Copyright
Copyright law encourages creation and promotes the “process of creating” because of the remuneration and reward of that work. For this reason authors should take the greatest possible care in protecting their artwork.
About
The protection provided by copyright law includes all intellectual works whit a creative character, regardless of expressive mode or shape.
Works protected by copyright are those belong to:
literature: literary, dramatic, scientific, religious work, both in writing and orally
music: musical compositions, tragic musical works
visual art: engravings, sculpture and painting, including scenography
architecture: architectural design, industrial and artistic design
theater: choreography works
film: cinematographic works, movies, silent or audible
photography: photographic works
software: computer system as result of an intellectual creation
database: database as group of information, data, works, and all other elements systematically arranged and accessible via Web
engineering drawing: industrial designs and models with creative and artistic value.
Term
In Italy, the term of copyright protection is 70 years after author’s death, but this rule could have exceptions.
Author's Rights
The right arises at the time of work creation. Italian Civil Code identifies it as “a special expression of intellectual work”.
Author can exploit his own work as he wants, according with the constitutional principle of the free private economic initiative.
Copyright gives author exclusive rights to prevent third parties from economic exploitation of his work.
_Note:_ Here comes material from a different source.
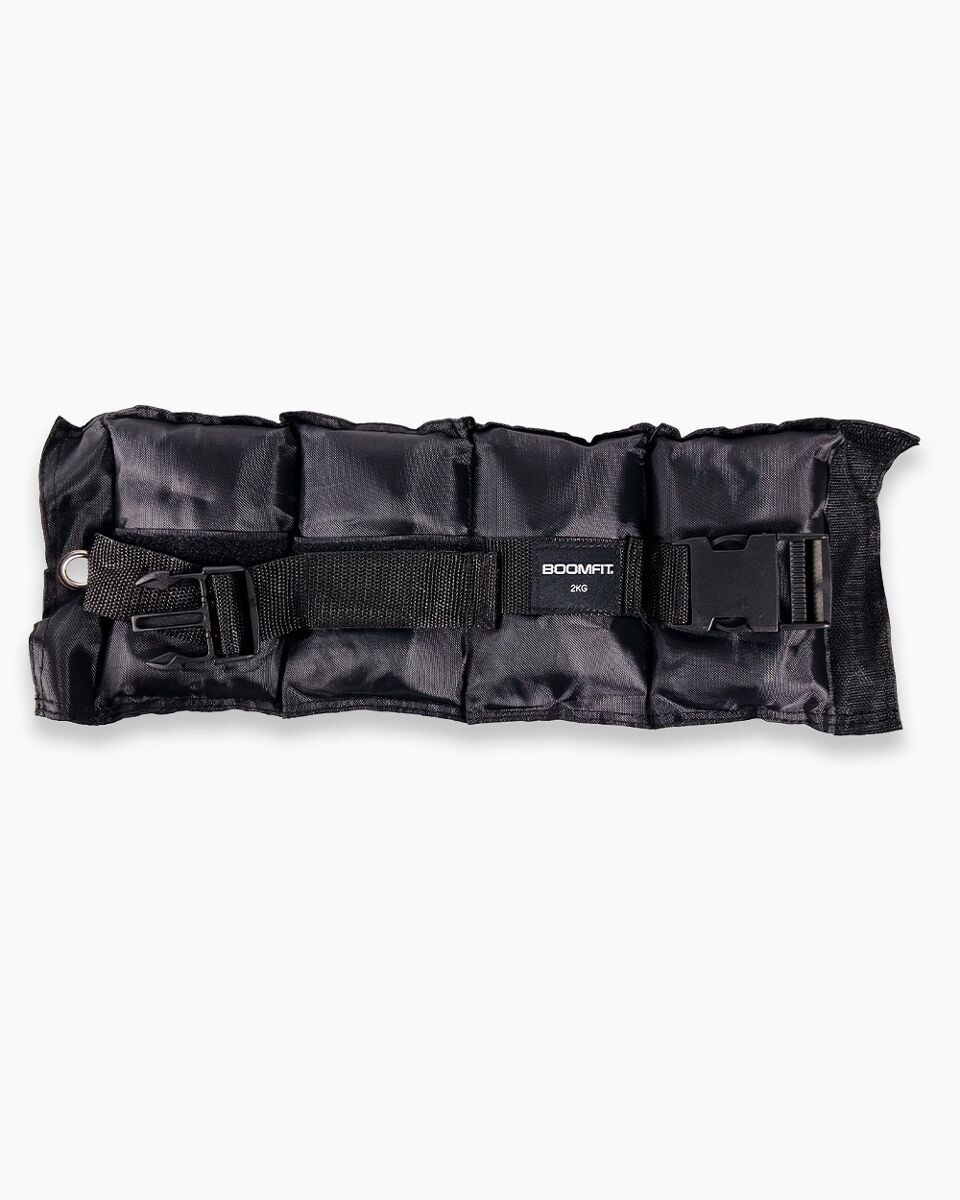 Pesos para tornozelos 2kg (par) - boomfit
In particular, law gives these exclusives rights:
publication
reproduction
transcription
public acting and performance
public communication, through media and web
distribution
selling
rental and lending.
Economic Rights
The economic exploitation of the work covered by copyright can occur in any ways, the economic rights last up to 70 years after author’s death.
Economic rights can be transferred and, in some cases, even used as compensation of exploitation by third parties.
Economic exploitation rights are grouped in three categories:
performing and distribution rights
public communication rights
interpretation and elaboration rights.
All of these rights are independent and the exercise of one of them doesn’t exclude the exercise of the other.